Le cumul des inégalités nécessite une vigilance particulière quant aux politiques économiques et sociales sectorielles pouvant donner lieu à des effets induits d’accès (services publics, énergie, habitat, mobilité, isolement social), et plus encore à l’échelle des territoires où les transferts distributifs mais aussi la politique d’aménagement du territoire y sont particulièrement porteurs de soutien et sont d’une extrême sensibilité dans les facteurs d’inclusion des citoyens.

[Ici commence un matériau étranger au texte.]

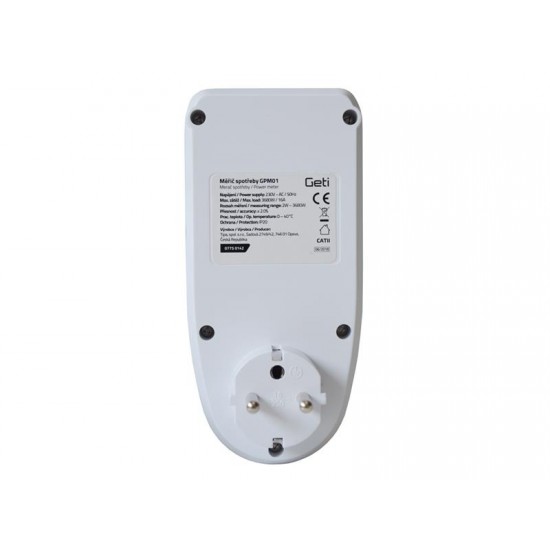 Digitálny merač spotreby elektrickej energie Geti GPM01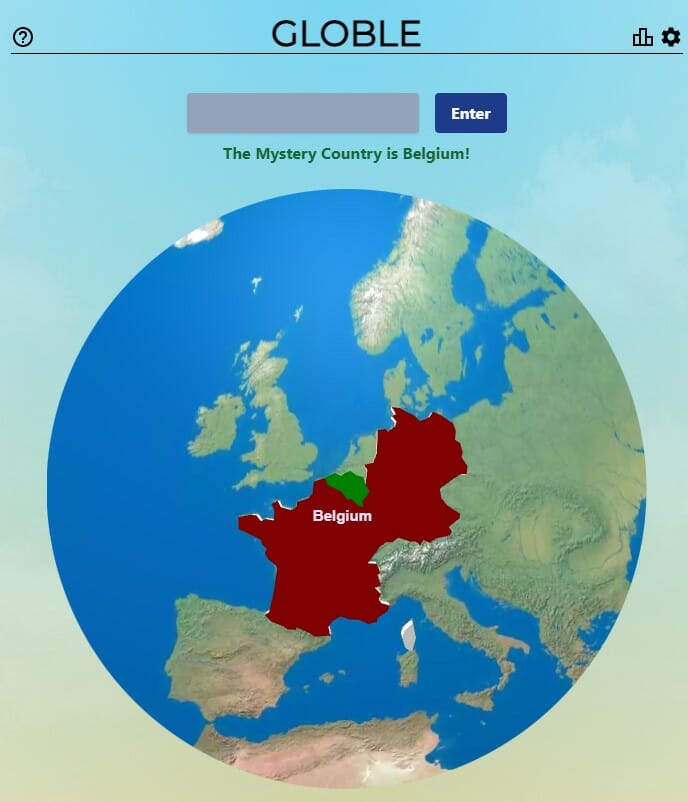 Daily Globle Answer - 29th May 2022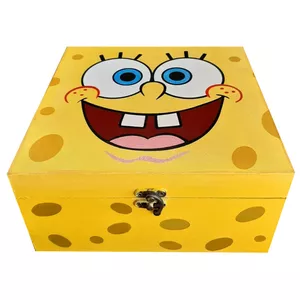 جعبه اسباب بازی کودک مدل کارتونی طرح باب اسفنجی کد BB02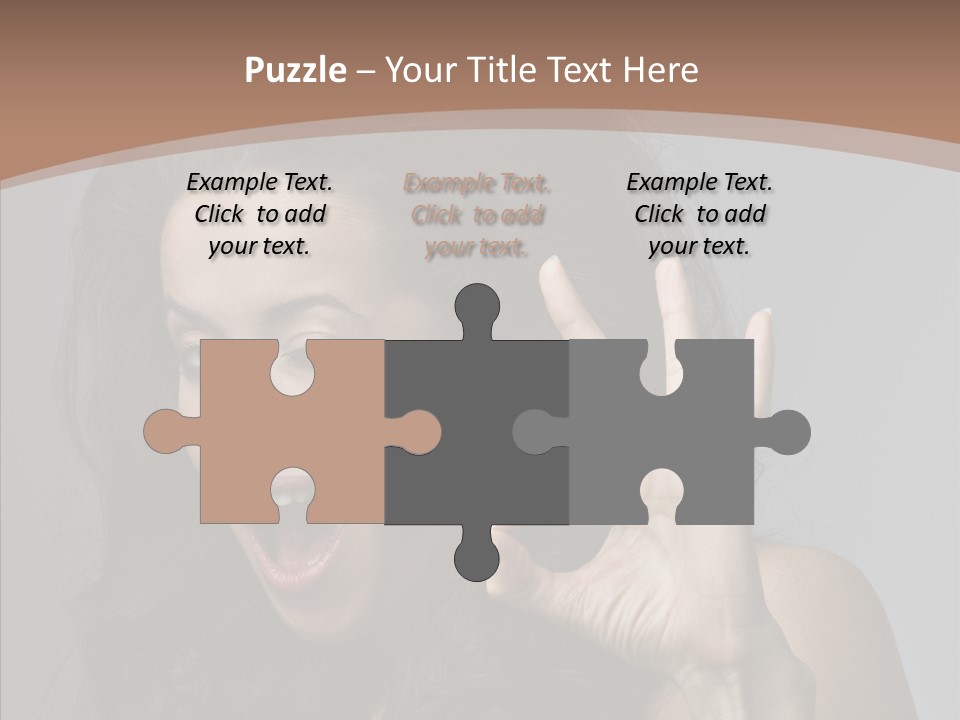 Hair Expression Gesture PowerPoint Template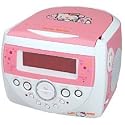 Hello Kitty CD Clock Radio - Pink/ White (KT2053)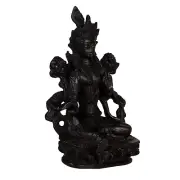Resin Tibetan Buddhist Black Tara Maa Statue Goddess Figurine Showpiece
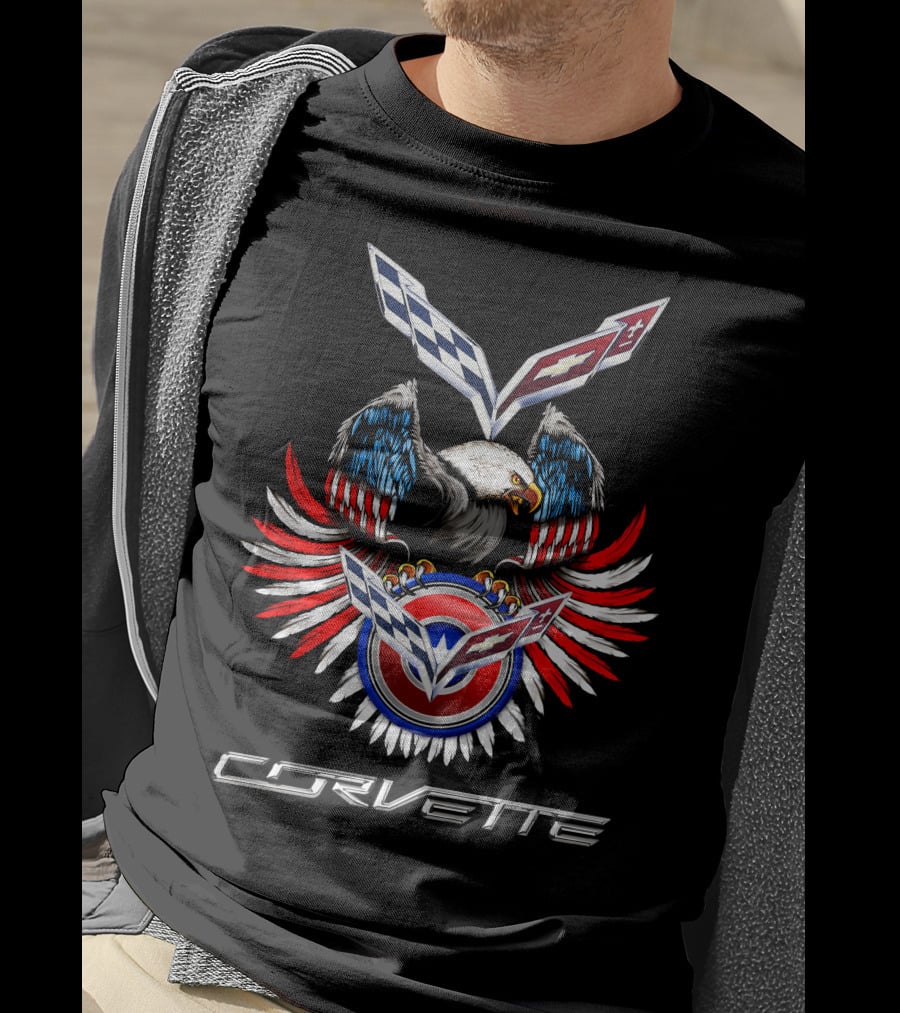 CORVETTE C7 American Eagle Emblem T-Shirt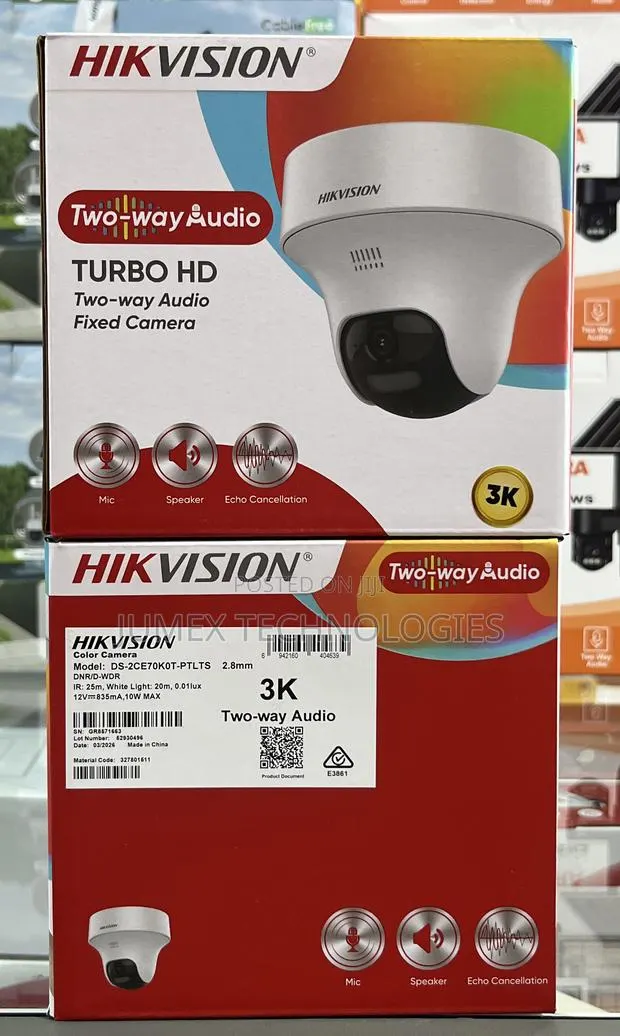 Hikvision / 5mp Two-Way Audio Camera Pt Ds-2ce70k0t-PTLTS Analog · Photo 1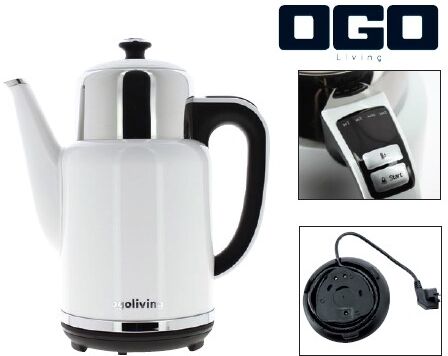 Bouilloire 170 cl Yona sans fil sur socle 360° Bouilloire 170 cl Yona sans fil sur socle 360°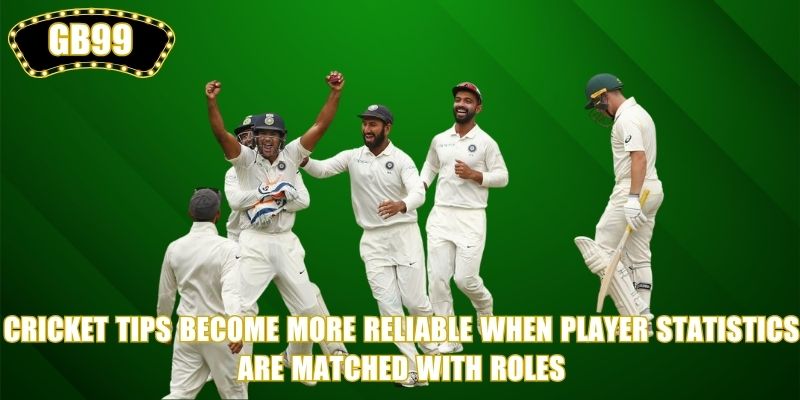 Cricket Tips become more reliable when player statistics are matched with roles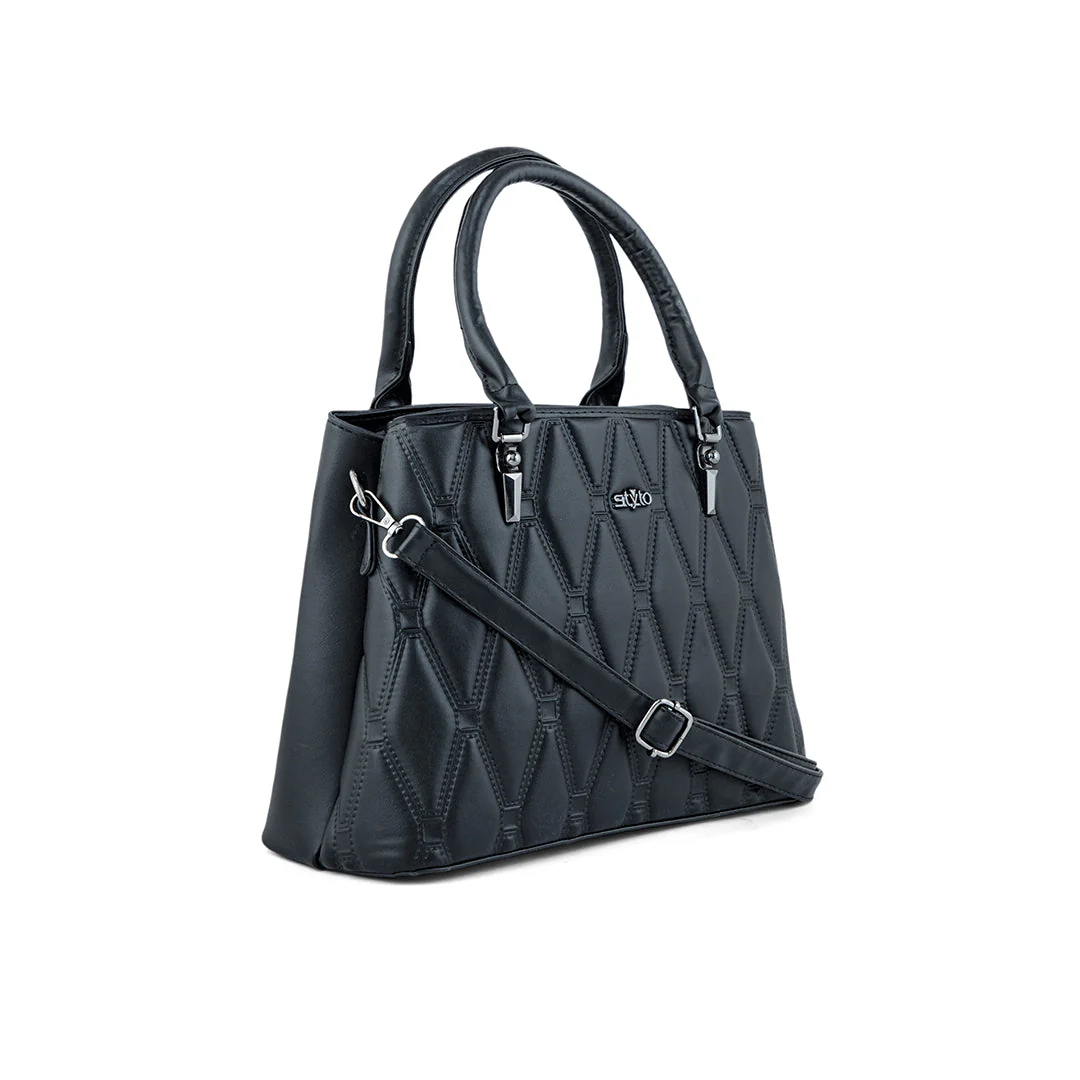 Black Formal Hand Bag P36249 - Image 2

Le premier niveau d’inégalité étant l’inégalité sur les revenus primaires (avant impôts et transferts), la priorité est donc la lutte contre le chômage, le travail insuffisamment rémunérateur et le partage de la valeur au sein des salariés.

Préconisations :

  • Intensifier la lutte contre l’évitement fiscal et chercher des solutions communes européennes.
  • Préserver la capacité d’autofinancement des entreprises et améliorer l’accès des TPE-PME au financement.
  • Maîtriser les prix de l’immobilier.
  • Lutter contre le chômage et améliorer les conditions des travailleurs insuffisamment rémunérés.

Des enjeux de transitions numériques, écologiques et modèle de travail encore trop faiblement pris en compte

La transition numérique est encore peu intégrée au processus de transformation des entreprises, et la mesure des impacts tant sur les transformations des métiers futurs que sur les mutations des secteurs de l’économie est difficilement prévisible. Par ailleurs, on pressent que les prérequis indispensables des individus y compris à titre personnel, en termes de compétences techniques et cognitives sont insuffisantes et si ces écarts sont déjà perceptibles, ils ne sont pas encore suffisamment dimensionnés (l’indicateur de niveau de vie pour les ménages, ne comprend pas encore l’accès au numérique, la détention d’un poste mobile ou fixe, ...). Ces transformations ne passent pas que par les « d’outils » mais aussi par des modes de travail plus collaboratifs et adaptatifs. Pour autant la France bénéficie d’infrastructures, d’une densité territoriale, devant lui permettre de se saisir profitablement de nouvelles politiques d’investissements publiques (Recherches notamment). Par ailleurs notre retard en termes d’empreinte carbone des produits importés, nous oblige à revoir nos processus et sont autant de sources de richesses futures.

Préconisations :

  • Revoir la stratégie de recherche en associant l’ensemble des parties prenantes, et élaborer des sous-indicateurs sectoriels en lien avec une démarche d’évaluation des politiques publiques de recherche.
  • Intégrer les innovations quant aux « structures sociales et organisation des parcours professionnels permettant d’assurer à chacun les risques qui peuvent survenir ».
  • Encadrer juridiquement l’activité numérique afin de garantir revenus et droits sociaux de qualité.
  • Faire de l’empreinte carbone un véritable outil d’aide à la décision publique.